Contoh vulgar dari pemaksaan semacam ini adalan tradisi honor killing (pembunuhan kerabat sendiri untuk menjaga kehormatan keluarga) yang ada pada komunitas Muslim imgran tertentu di Kanada dan Eropa. Kasus honor killing terakhir yang ramai diberitakan media adalah pembunuhan yang dilakukan oleh Muhammad Shafia, seorang warga asal Afghanistan yang berimigrasi ke Ontario, Kanada, terhadap tiga puterinya dan isteri keduanya. Kasus ini baru saja diadili dan diputus oleh Pengadilan Ontario pada 30/1/2012 lalu.

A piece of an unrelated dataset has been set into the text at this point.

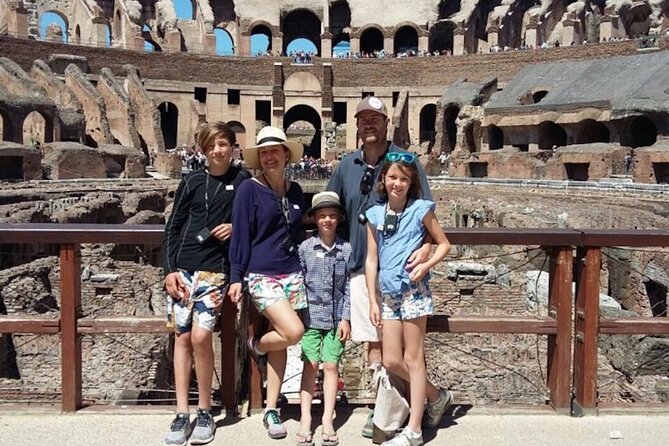 Colosseum & Ancient Rome with Arena Floor Option I Max 6 People - What the Guides Add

Dalam kasus pembunuhan semacam ini, pola yang terjadi selalu berulang dari satu kasus ke kasus yang lain: konflik antara keluarga tradisional yang tinggal di masyarakat Barat yang sekular, dengan anak-anaknya yang mulai menyerap gaya-hidup masyarakat modern di sekitarnya. Pihak keluarga merasa bahwa tindakan semacam ini menyinggung kehormatan keluarga. Tindakan ekstrim muncul di sini: meng-eliminasi sama sekali individu yang melakukan penyelewengan semacam itu.

Dalam situasi semacam ini, jelas, simpati saya adalah untuk generasi baru yang mencoba gaya hidup baru karena tuntutan lingkungan yang berubah. Saya tak bisa membela pihak komunitas yang mencoba memaksakan norma tertentu pada anggotanya dalam situasi semacam itu, apalagi dengan cara keji seperti honor killing itu.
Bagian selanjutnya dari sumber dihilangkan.